Some of that conflict lingers into the present in the form of occasional flare ups over elements of wilderness regulation. Having been caught (to a minor degree) in so of that contention I reflect at the simplicity of the basic disagreement. Both sides of the Boundary Waters clash believed in the same underlying principle of Multiple Use. Yes, I do think both sides were guided by the same ideal. The problem was interpretation. The concept of Multiple Use is a great idea. An individual home can be seen as an area of Multiple Use serving a variety of harmonious purposes or uses. The concept works beautifully until one of the uses is stretched. Start keeping a few goats in a spare bedroom and see how long that space in the scheme of Multiple Use remains a bedroom.

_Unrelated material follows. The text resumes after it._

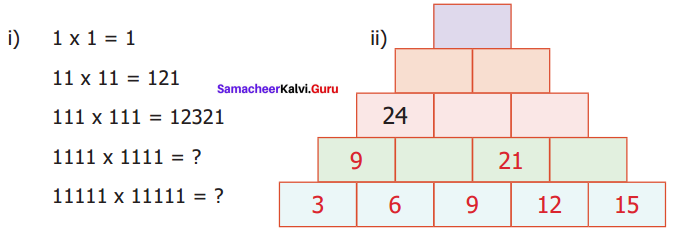 Samacheer Kalvi 6th Maths Solutions Term 3 Chapter 5 Information Processing Ex 5.1 1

If a diesel engine is dismantled in a living room that area becomes a form of garage. Not all uses are equal or compatible. As a simple rule, the most consumptive or disruptive use will dominate a specific area. In planning for Multiple Uses of public land I think you’d find it useless to combine logging with a picnic area. People on an outing wouldn’t find attractive peace, quiet and scenery in a logging yard and loggers would find a picnic site and outhouse inconvenient to work around. 

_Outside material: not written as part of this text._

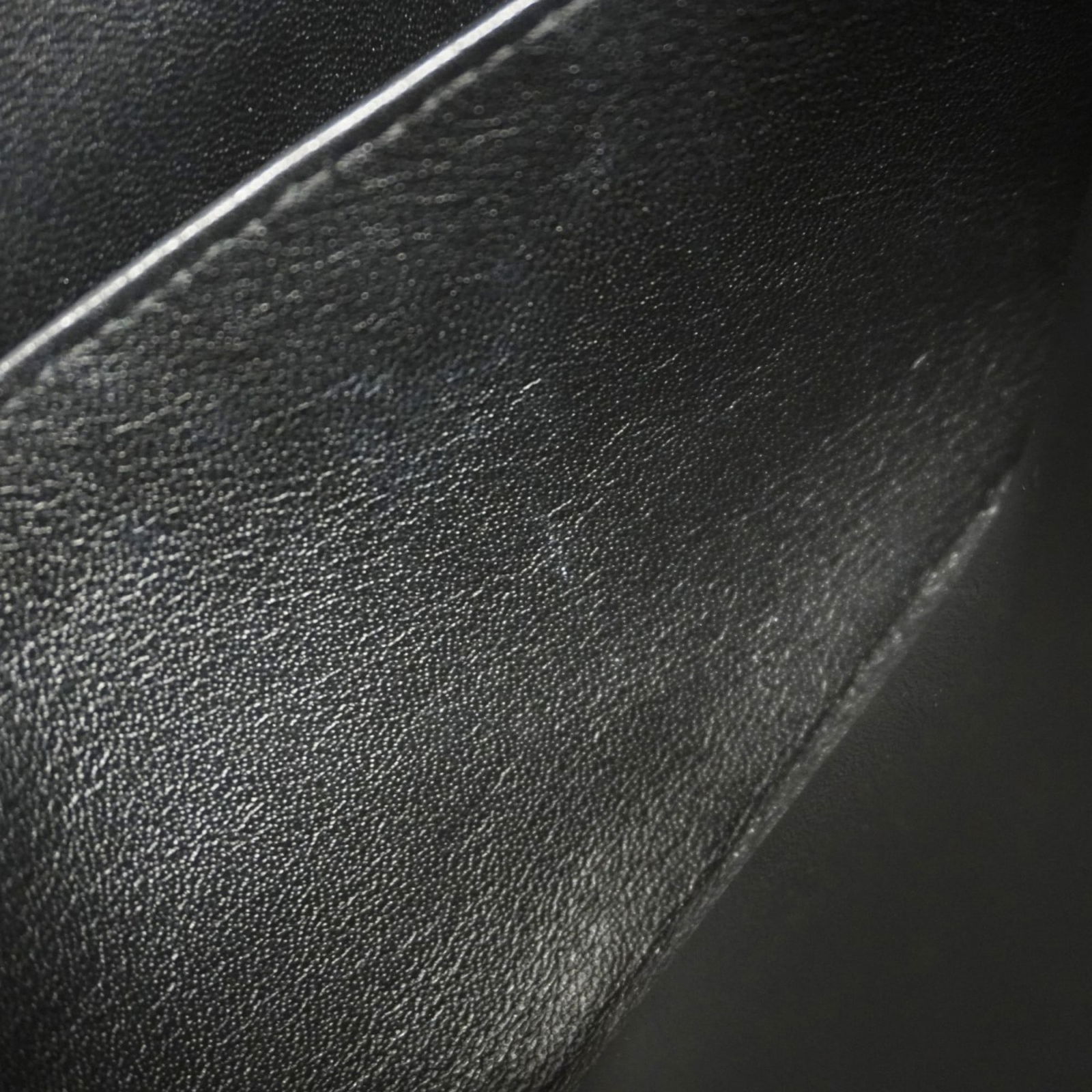 Leather Chanel Handbag - 14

The guiding principle of Multiple Use doesn’t mean allowing all uses at the same time and in the same location. The design is overall rather than absolute. Forest harvest is one of the allowed and desired uses, but this use stops short of the edge of a stream or lake. Shoreline is understandably preserved in order to protect water quality. Some concepts and practices connected to following Multiple Use as a guide are easy enough to figure out, but some distinctions are quite stark. A clear cut forest will not quickly become attractive to wildlife or suited to recreation. It takes time. And even when forest harvest, wildlife, and recreation are balanced out there may be uses that get little attention in the overall plan. I call this the birdwatcher effect. Organized groups such as birdwatchers and hunters are able to have their needs addressed, but that does not mean a less popular or vocal groups gets considered at all. Does Multiple Use manage with a view toward serving those who use the public forests to seek out Morels, Chanterelles, or Honey Mushrooms? There’s no Audubon Society for fungi, meaning that some essential (fungi are an important part of a forest system) areas get less formal consideration than others. It’s fortunate that in following an overall Multiple Use strategy less popular concerns are included by default.

One of the interesting Multiple Use questions is that of answering the “highest use” issue. This is usually a matter of numbers and economic judgment, but frankly figuring out highest or best use isn’t so simple. We want the best and most economical result from management of public land, but how do we get it? The resources in dollars and managers available will always be limited, so how best to use them? That requires looking at the nature of what you’re managing. Any farmer can tell you what a forester also knows. Not all plots of land are equal in productivity. Back when I lobbied for the cause of wilderness use I thought it a fair argument to defend wilderness as a sole use based on the soil types and terrain of Canoe Country. Why put effort into forestry of a poor production area when attention would be better spent on land better suited to producing a result? Why put 30% of your effort into an area that will only give a 5% result? While I find that a defensible argument I balk at the idea of narrowing things down to economic results. As with any preserved area, saving an area of wilderness has (at least for me) a value that I’d put above a figure on a spread sheet. In the real world, however, we often have to calculate things in that way despite the difficulties and possible flaws. How do we calculate the value of one large forest harvest every thirty years versus thirty smaller yearly results from tourism?

The questions posed are of interest in other applications where a narrow or single minded approach might prove ruinous if it shuts off debate and challenge to its premises. You or I may feel wholly confident of our positions, but that does not mean other or opposing views (no matter how wrong they might seem) are in fact empty and without value or ability to contribute to a better understanding. Sadly, claiming fairness and impartiality is easier said than practiced.